TASK INSTRUCTIONS
Copy each line below that contains "bedroom".

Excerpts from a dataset
◇ ◇ ◇ ◇ ◇ ◇ ◇

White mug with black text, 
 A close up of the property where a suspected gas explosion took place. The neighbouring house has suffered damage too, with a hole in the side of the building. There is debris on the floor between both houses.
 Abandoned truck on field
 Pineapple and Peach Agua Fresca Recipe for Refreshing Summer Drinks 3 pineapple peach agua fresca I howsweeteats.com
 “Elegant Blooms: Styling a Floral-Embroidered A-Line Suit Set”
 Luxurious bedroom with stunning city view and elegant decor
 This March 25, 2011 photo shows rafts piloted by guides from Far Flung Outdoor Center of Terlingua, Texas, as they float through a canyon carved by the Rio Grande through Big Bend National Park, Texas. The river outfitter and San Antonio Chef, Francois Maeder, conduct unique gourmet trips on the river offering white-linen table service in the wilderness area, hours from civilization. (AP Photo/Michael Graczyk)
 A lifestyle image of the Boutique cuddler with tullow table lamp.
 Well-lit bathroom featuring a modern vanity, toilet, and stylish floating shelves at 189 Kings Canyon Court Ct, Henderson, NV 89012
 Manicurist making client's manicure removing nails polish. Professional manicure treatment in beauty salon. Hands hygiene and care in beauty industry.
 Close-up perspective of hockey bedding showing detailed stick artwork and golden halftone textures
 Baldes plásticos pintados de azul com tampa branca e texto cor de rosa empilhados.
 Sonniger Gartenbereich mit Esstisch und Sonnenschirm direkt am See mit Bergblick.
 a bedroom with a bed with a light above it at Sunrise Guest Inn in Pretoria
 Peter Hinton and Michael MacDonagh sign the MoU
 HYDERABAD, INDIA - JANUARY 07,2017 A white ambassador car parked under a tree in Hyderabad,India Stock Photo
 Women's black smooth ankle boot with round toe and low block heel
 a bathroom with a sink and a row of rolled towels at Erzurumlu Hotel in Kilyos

◇ ◇ ◇ ◇ ◇ ◇ ◇

TASK RESULT
 Luxurious bedroom with stunning city view and elegant decor
 a bedroom with a bed with a light above it at Sunrise Guest Inn in Pretoria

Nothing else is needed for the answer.